See, that’s part of the problem. The benchmarks that run in CI are mostly intended to be comparative, in order to evaluate the relative perf impact of a branch compared to main as a baseline (I also use them to run comparative benchmarks against Cowboy).
Whenever I’ve done eprof/fprof work it’s always been against an adhoc ‘hello world’ Plug instance and a small set of hand-rolled client connections. The ephemeral nature of these test setups (and my general amateur relationship with profiling tools) makes it hard for me to really assess performance in an absolute sense.

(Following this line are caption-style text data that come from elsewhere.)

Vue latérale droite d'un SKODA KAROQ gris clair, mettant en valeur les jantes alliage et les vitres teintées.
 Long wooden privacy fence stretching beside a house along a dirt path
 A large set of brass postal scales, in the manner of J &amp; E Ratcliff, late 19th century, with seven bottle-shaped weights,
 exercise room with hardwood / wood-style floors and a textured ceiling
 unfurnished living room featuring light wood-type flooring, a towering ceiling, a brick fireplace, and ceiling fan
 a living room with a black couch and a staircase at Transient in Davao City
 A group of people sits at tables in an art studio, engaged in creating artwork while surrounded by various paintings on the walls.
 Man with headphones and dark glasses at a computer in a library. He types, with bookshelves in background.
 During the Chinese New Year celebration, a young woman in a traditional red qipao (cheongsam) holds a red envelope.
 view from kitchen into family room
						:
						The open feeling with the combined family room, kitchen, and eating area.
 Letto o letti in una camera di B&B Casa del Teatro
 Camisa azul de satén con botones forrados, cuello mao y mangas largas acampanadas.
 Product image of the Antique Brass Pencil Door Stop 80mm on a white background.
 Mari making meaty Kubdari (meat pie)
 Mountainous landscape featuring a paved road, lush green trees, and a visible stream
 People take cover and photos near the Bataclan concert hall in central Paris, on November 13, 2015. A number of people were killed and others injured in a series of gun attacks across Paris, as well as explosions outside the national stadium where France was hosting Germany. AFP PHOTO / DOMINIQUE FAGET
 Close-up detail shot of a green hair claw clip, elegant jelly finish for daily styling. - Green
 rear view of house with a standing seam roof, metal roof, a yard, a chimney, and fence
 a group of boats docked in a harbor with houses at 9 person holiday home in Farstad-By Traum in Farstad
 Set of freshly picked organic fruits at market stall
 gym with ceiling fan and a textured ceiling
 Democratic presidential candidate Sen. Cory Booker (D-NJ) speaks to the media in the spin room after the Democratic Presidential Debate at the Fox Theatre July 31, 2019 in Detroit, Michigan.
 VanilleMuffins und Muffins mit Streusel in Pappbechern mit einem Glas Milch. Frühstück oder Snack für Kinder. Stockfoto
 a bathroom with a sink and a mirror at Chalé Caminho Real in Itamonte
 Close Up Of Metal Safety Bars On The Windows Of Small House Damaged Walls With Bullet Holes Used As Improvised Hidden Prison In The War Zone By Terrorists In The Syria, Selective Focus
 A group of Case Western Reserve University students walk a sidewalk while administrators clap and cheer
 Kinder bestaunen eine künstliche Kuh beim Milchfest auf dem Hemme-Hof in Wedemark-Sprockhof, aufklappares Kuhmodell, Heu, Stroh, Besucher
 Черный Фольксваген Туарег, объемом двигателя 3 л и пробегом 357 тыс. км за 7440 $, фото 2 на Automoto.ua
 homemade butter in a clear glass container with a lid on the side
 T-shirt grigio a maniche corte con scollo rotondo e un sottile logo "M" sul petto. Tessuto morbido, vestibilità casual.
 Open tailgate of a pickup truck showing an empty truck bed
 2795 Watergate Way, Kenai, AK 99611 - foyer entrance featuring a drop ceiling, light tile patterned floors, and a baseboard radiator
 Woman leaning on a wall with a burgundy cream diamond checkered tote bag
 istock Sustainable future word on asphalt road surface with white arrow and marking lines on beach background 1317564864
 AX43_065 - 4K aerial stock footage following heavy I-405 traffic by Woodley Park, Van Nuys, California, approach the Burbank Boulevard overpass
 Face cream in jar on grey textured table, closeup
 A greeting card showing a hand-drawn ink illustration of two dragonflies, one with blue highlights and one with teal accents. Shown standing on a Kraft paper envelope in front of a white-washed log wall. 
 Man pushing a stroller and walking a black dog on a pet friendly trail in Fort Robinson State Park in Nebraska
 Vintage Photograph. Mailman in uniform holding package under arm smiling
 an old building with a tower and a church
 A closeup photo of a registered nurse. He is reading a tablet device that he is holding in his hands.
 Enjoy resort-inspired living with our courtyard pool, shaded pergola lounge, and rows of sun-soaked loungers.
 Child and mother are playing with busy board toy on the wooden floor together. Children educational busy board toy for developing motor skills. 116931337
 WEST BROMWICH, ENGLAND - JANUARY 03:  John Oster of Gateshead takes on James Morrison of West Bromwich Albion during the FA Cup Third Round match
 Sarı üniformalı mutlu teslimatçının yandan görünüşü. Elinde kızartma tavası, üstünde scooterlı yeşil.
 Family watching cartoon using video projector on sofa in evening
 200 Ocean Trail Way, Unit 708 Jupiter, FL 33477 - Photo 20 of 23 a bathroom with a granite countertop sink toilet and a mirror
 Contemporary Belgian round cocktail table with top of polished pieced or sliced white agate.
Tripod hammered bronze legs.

So, to answer your question, I suppose a good ask here would be to ask how you as an SME would together a process that would profile a simple ‘hello world’ plug in a reproducible way that allowed for flexible client access patterns (single vs keepalive requests, HTTP/1 vs HTTP/2, etc). I’m happy to systematize it, I just generally don’t know my way around how to use the profiling tools effectively enough to not drown in the sheer volume of output
Hm I see. Let me stew on it a bit, I’ll take a look into that suite. I’ve written suites that compare the output of two profiles to rank differences between them but I find it is less stable for “low level” programs and more meaningful for “high level” programs, such as ones that transform complex data structures.